香典には正しい書き方があり、宗教によっては記入する内容も変わってきます。そのため、香典の正しい書き方はきちんと把握しておいた方が良いでしょう。

1:仏式

仏教の場合の正しい書き方は、香典袋の上部の中央に「御霊前」「御仏前」「御香典」「御香料」のいずれかを記入します。しかし、御霊前と御仏前に関しては、香典を持参する時期によってどちらを書くのかが決まっています。

仏教の考えでは四十九日までの間、故人は霊となって仏様になるための修行に励むとされています。そのため、四十九日前の香典には御霊前、四十九日後の香典には御仏前と記入しましょう。

2:神式

神道の場合の正しい書き方は、香典袋の上部の中央に「御玉串料(おたまぐしりょう)」「御榊料(さかきりょう)」「御霊前」「御神前料(ごしんせんりょう)」のいずれかを記入します。

神道で用意する香典袋の種類は無地のものを選びましょう。水引は包んだ金額が大きくなければ、すでに印刷されているものにします。そして水引の色は白黒か双銀です。

3:キリスト教式

キリスト教の場合、香典の正しい書き方は宗派によって違います。キリスト教には大きく分けて「プロテスタント」と「カトリック」という宗派があります。

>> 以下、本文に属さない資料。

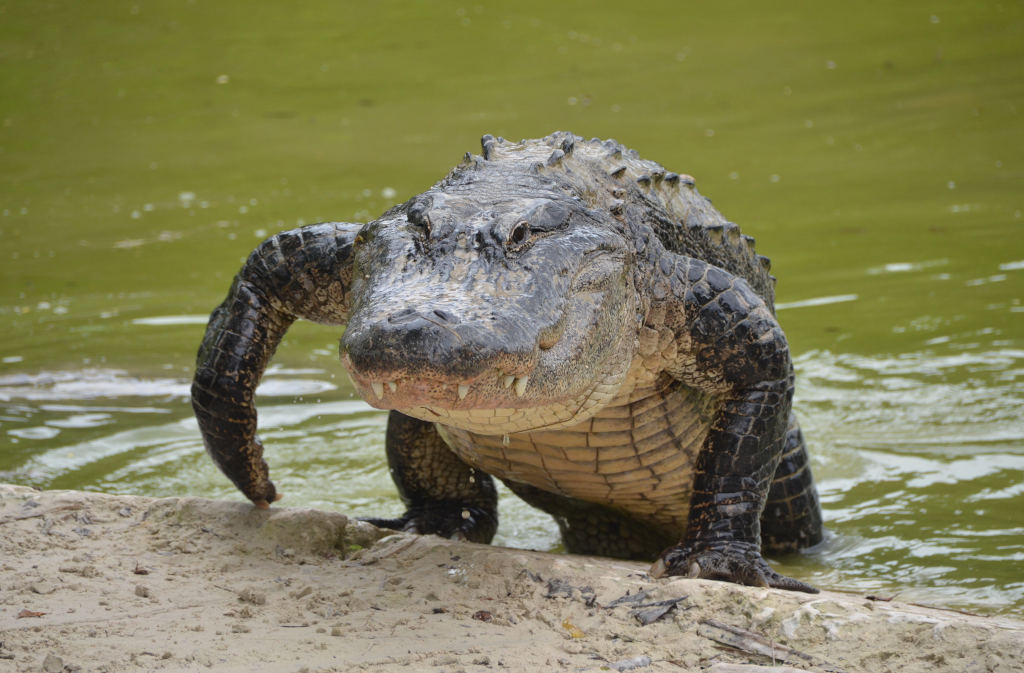 Triatleet ontsnapt ternauwernood aan aanval van alligator – video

プロテスタントの場合は「忌慰料(きいりょう)」カトリックの場合は「御ミサ料」「御霊前」とそれぞれ香典袋の上部の中央に書きましょう。どちらの宗派か分からない場合、キリスト教であれば共通で使える「御花料」や「献花料」などと記入します。

4:宗教がわからない場合

宗教によって書く内容が変化することは先述しました。しかし、宗教が分からない場合、どんな書き方をすればいいのでしょうか。宗教を超えて使うことのできる言葉は「御霊前」ですが、宗派によっては注意が必要です。

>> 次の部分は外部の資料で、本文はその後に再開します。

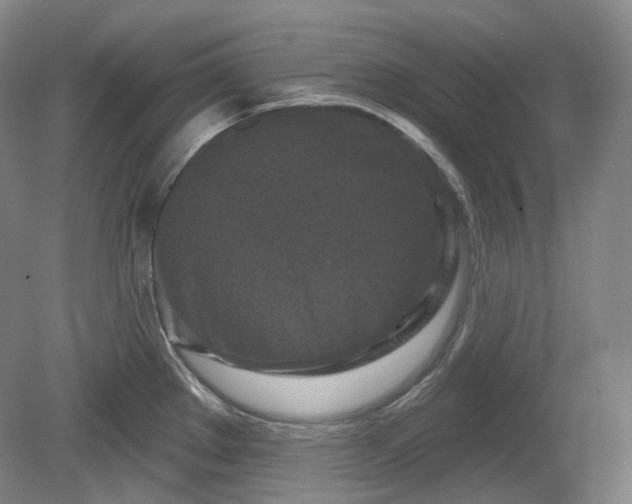 X0000079581289200612081526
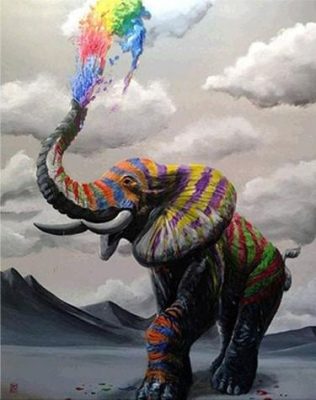 Rainbow Elephant  Animals Paint By Numbers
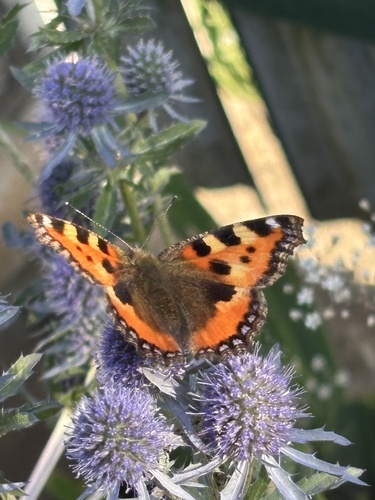 Small Tortoiseshell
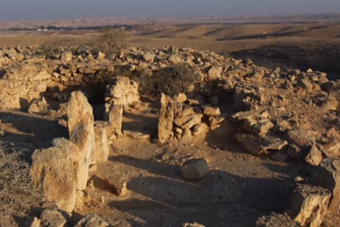 Fossil Dung Study Indicates: Ancients in Negev had Advanced Economy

浄土真宗では故人が亡くなった後、霊にはならず、すぐ仏様になるとされています。そのため、御霊前は使用できません。キリスト教のプロテスタントでも御霊前は否定されています。

5:香典袋の名前の書き方

名前の正しい書き方については、香典袋の下部の中央にフルネームで記入するのが基本です。上部の中央に書いた用途名と同じ位置に揃えましょう。フルネームが長い場合、中央より少し右側へずれた位置に名字、左側に名前を書きます。

連名

香典袋に連名で記入する場合、名前の書き方は人数や誰が出すかによって変わります。ご夫婦で出す場合、夫のフルネームの左側に奥さんの名前だけ記入する形です。夫の代わりに奥さんが参列する場合は、奥さんの名前でなく左下に「内」と書きます。

複数名で出す場合、3名まではフルネームを並べて記入します。目上の人を優先的に右側から書きましょう。3名以上の場合は代表者名を記入後、左下に「他六名」などと書き添えます。

会社

故人の職場から香典を出す場合、同僚や上司から少しずつお金を集め、1つの香典として渡す形にするところが多いです。会社からの香典の正しい書き方としては、中央に「○○部一同」と記入後、右側に会社名を書きます。

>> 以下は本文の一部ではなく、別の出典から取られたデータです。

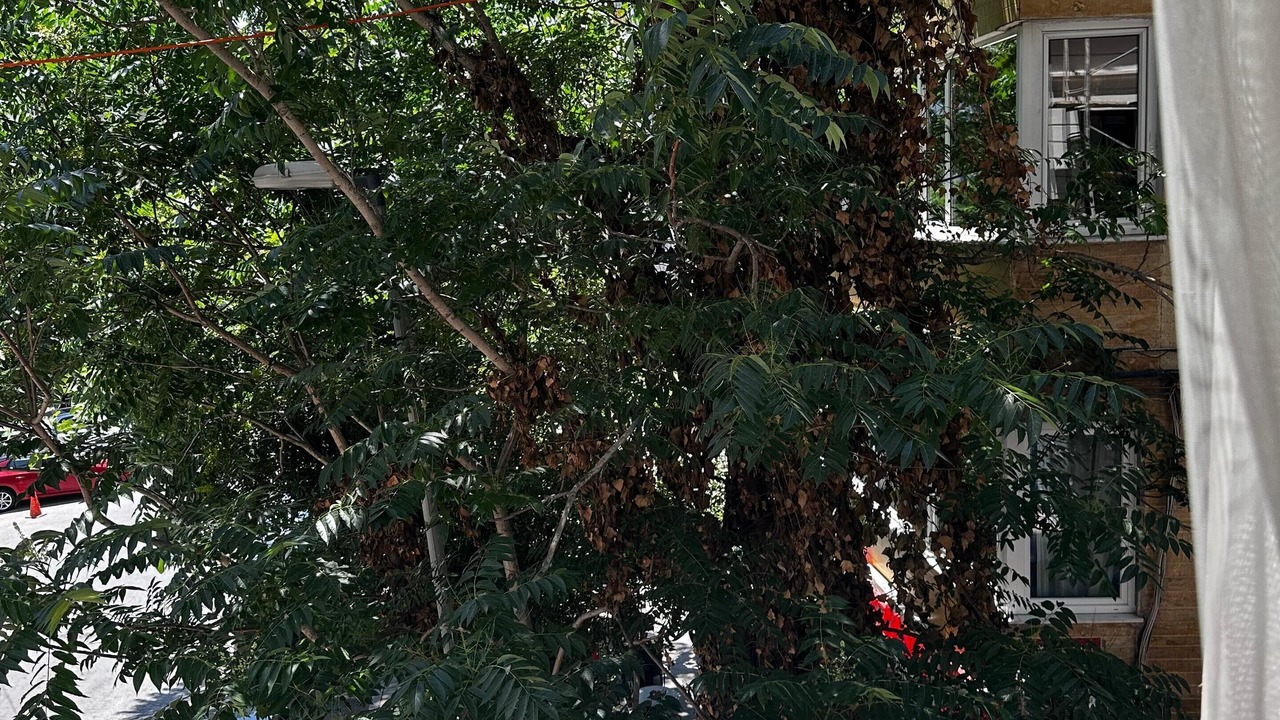 Photo of Others in Cihangir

そして別紙に部署全員のフルネームと住所、出した金額を見やすいように記入しましょう。これらの情報はご遺族が香典返しの際に使用するため、香典袋に同封しておきます。

6:中袋・中包みの書き方

中袋など香典に記入する際、使うのは薄墨です。薄墨には「訃報を聞き、涙が落ちて墨が薄くなった」「急な知らせに墨をする時間が取れなかった」などの意味があります。しかし、現代で筆とすずりを使って記入する人はあまりいません。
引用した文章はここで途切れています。